A point was made about the working tax credit. I have spoken to welfare rights services in my constituency, and to Citizens Advice, and only now—since the end of last week, and in the two or three weeks ahead—are we all beginning to see the impact. It had not really dawned on people how much of an impact there would be. I will undoubtedly see some of the 400 families in my constituency who will lose all their tax credits. They do not have a hope of moving from 16 hours’ work per week, for a couple, to 24 hours’ work a week. I just mentioned that some families are working fewer hours to keep their job. The work is not there. For those families, the loss is potentially in excess of £70 per week. In many cases—this has been mentioned to me by two constituents whom I have met—people feel that they would be better off quitting work and living off benefits. That is not to say that benefits are excessive in this country—anything but. People are struggling to make ends meet. How does that square with the idea, which I hope all of us in this House agree on, that work pays? Some families are saying, “It’s a waste of time working; I would be better off on benefits, because I am about to lose my tax credits.”

There are key Budget decisions that it is not too late to stop. The £3 billion tax rises for pensioners—the so-called granny tax that the Chancellor announced last month—does not kick in until next year. That is why I say to Government Members that, to a certain extent, I live in hope that there will be a change of heart over the next few days. Then there is the £3 billion handout that the Chancellor announced for people earning more than £150,000, when he cut the 50p top rate of income tax. That is a tax cut of more than £40,000 for 14,000 millionaires, all on the back of pensioners and working families. How out of touch are the Prime Minister and the Chancellor if they think that millions of pensioners who have worked hard all their life should have to pay more tax next year, so that millionaires can pay less? It does not square. Ministers boast that the state pension is increasing, but when we look at it in more detail, we see that it is only keeping up with inflation.
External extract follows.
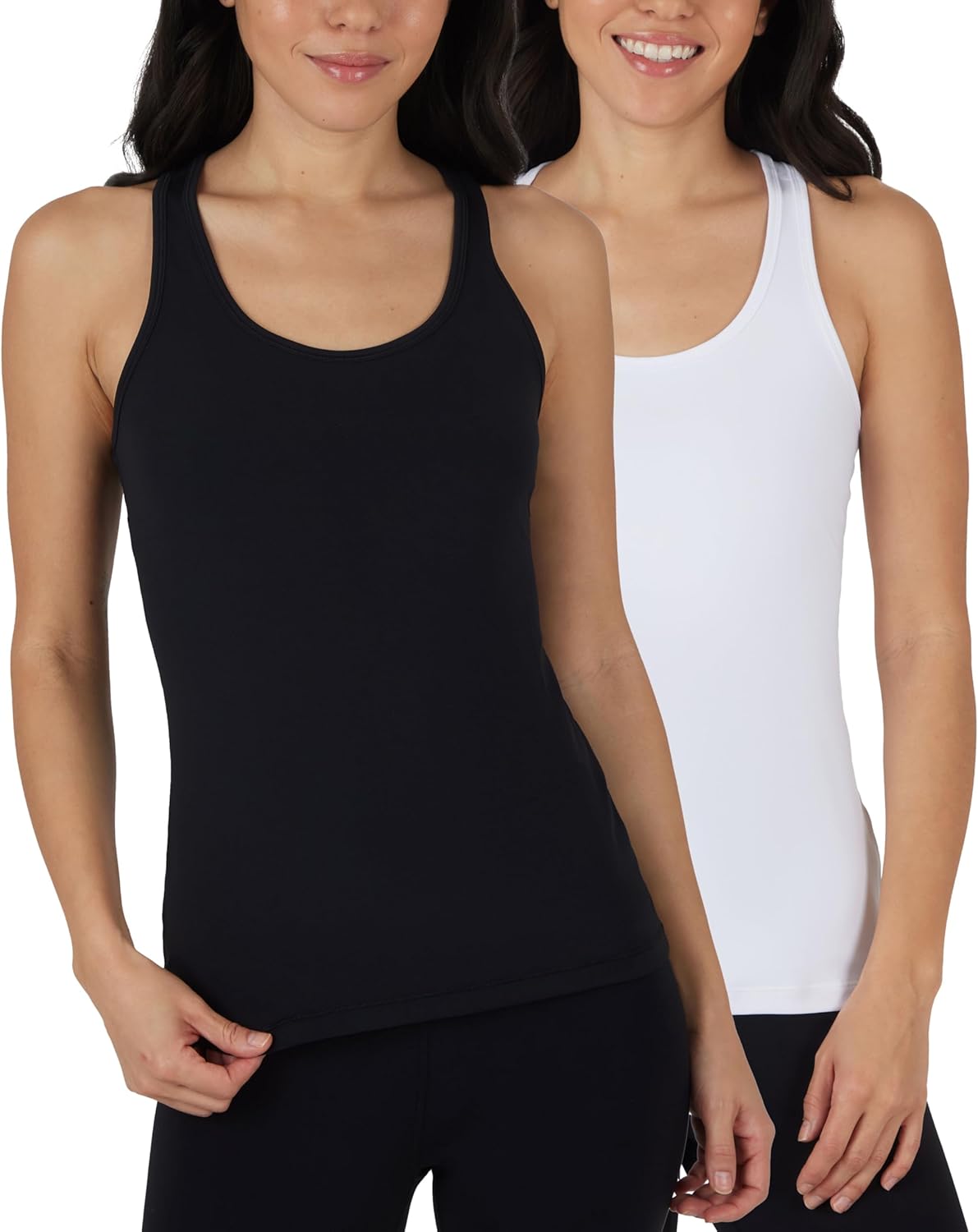 Yogalicious Womens Lightweight Tank Top Soft Racerback Workout Yoga Sleeveless Quick Dry Top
What is happening in the Budget is not fair or right. That is why, as my hon. Friend the Member for Leeds West (Rachel Reeves) said, Labour will hold a vote in the House on Thursday to try to defeat the granny tax. We will ask MPs from other parties to join us. We will also vote to stop the £3 billion tax cut for the richest. We will call for a tax on bank bonuses to fund a guaranteed job for every young person who is out of work for more than 12 months—a job that they should have to take up, and that they will relish the challenge of taking up, given the opportunity.
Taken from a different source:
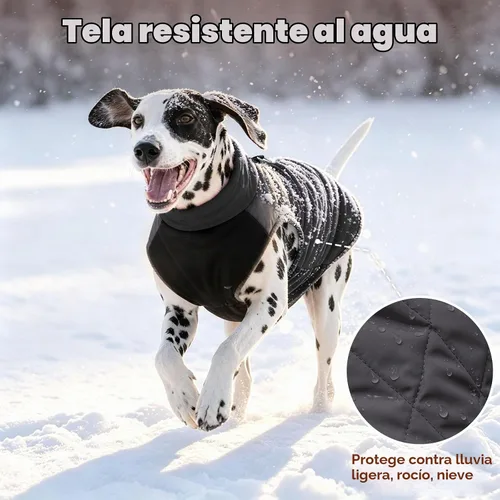 Vista 4 de JoyDaog - Abrigos de invierno para perros pequeños, chaqueta de cachorro con arnés, negro, XS Negro (estándar).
I shall soon conclude, because my points about VAT have already been made, but I did mention, in the three or four-day debate that followed the Budget towards the end of March, the issue of VAT on caravans. I said that I did not know how many caravan parks I had in my constituency, but I guessed that in no part of my constituency would a person be more than 8, 10 or 12 miles from a caravan park. There are 58 sites in my constituency. The VAT will have an impact on those businesses, and a considerable number of them have contacted me already. It is my intention to meet them to discuss how much of an impact the measure is having.

We have talked about hard-working families; the plea to families is that they should enjoy a staycation this summer—in other words, they should holiday here in the United Kingdom. That is the right thing to do. After October, unless there is a change of heart, there will be an increase in the cost of holidays for hard-working families on many of the sites that I am talking about. It is not just my constituency that is affected; I know from my discussions with Government Members that it is a serious issue for the tourism sector the length and breadth of the UK.

Let me say for the third and perhaps final time that I hope that there will be a change of heart, because we are heading in the wrong direction. There is far too much pain in the country at the moment. There is more to come—I recognise that—but it is not being shared fairly.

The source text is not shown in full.